EXERCISE AIM ▸
After reading the entries below, report how many lines have the string "lesson" in them, giving the number alone.

THE RECORDS ▸
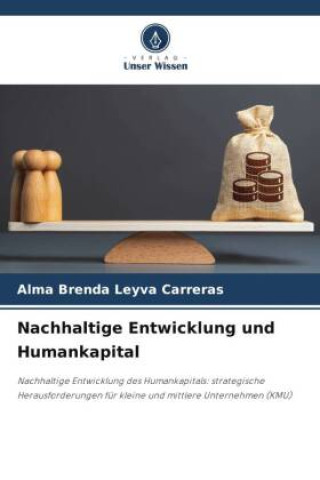 Kniha Nachhaltige Entwicklung und Humankapital Alma Brenda Leyva Carreras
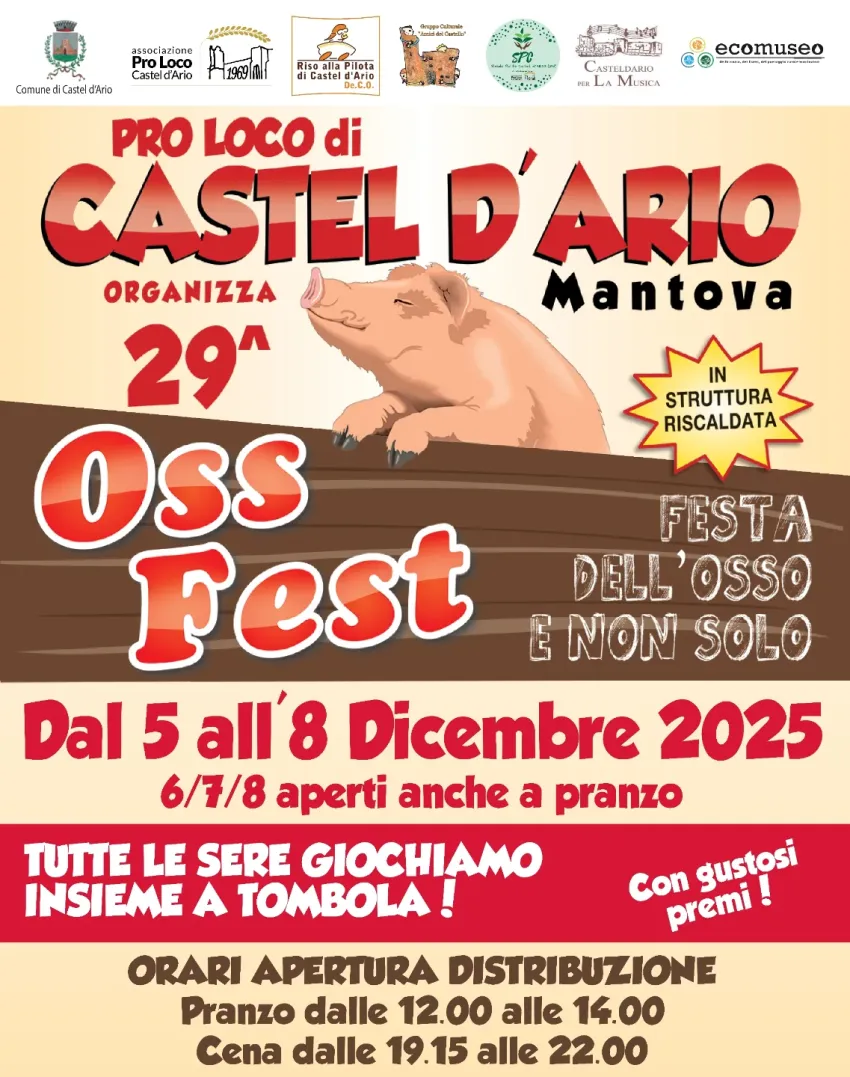 29a Oss Fest - La Festa dell'Osso - Centro città, Castel d'Ario (MN) -  

Ritorna la FESTA DELL'OSSO 🐷Dal 5 all'8 dicembre 🗓Tutte le sere giocheremo insieme a tombola ⭐️Seguici sui nostri social per rimanere aggiornato...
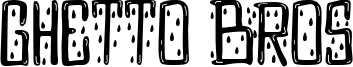 Ghetto Bros Font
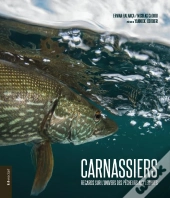 Carnassiers ; Regards Sur L'Univers Des Pêcheurs Aux Leurres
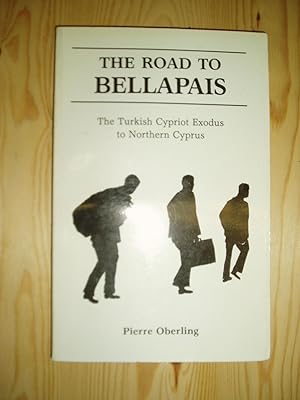 Seller image for The Road to Bellapais : The Turkish Cypriot Exodus to Northern Cyprus for sale by Expatriate Bookshop of Denmark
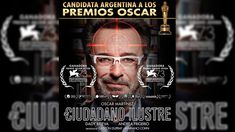 El ciudadano ilustre representará a la Argentina en los Oscar 2017 El ciudadano ilustre representará a la Argentina en los Oscar 2017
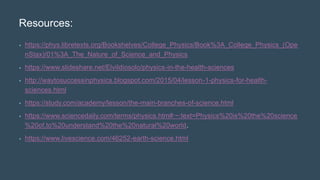 Resources:
• https://phys.libretexts.org/Bookshelves/College_Physics/Book%3A_College_Physics_(Ope
nStax)/01%3A_The_Nature_of_Science_and_Physics
• https://www.slideshare.net/ElviIdiosolo/physics-in-the-health-sciences
• http://waytosuccessinphysics.blogspot.com/2015/04/lesson-1-physics-for-health-
sciences.html
• https://study.com/academy/lesson/the-main-branches-of-science.html
• https://www.sciencedaily.com/terms/physics.htm#:~:text=Physics%20is%20the%20science
%20of,to%20understand%20the%20natural%20world.
• https://www.livescience.com/46252-earth-science.html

RESPONSE FOR THIS EXERCISE ▸
2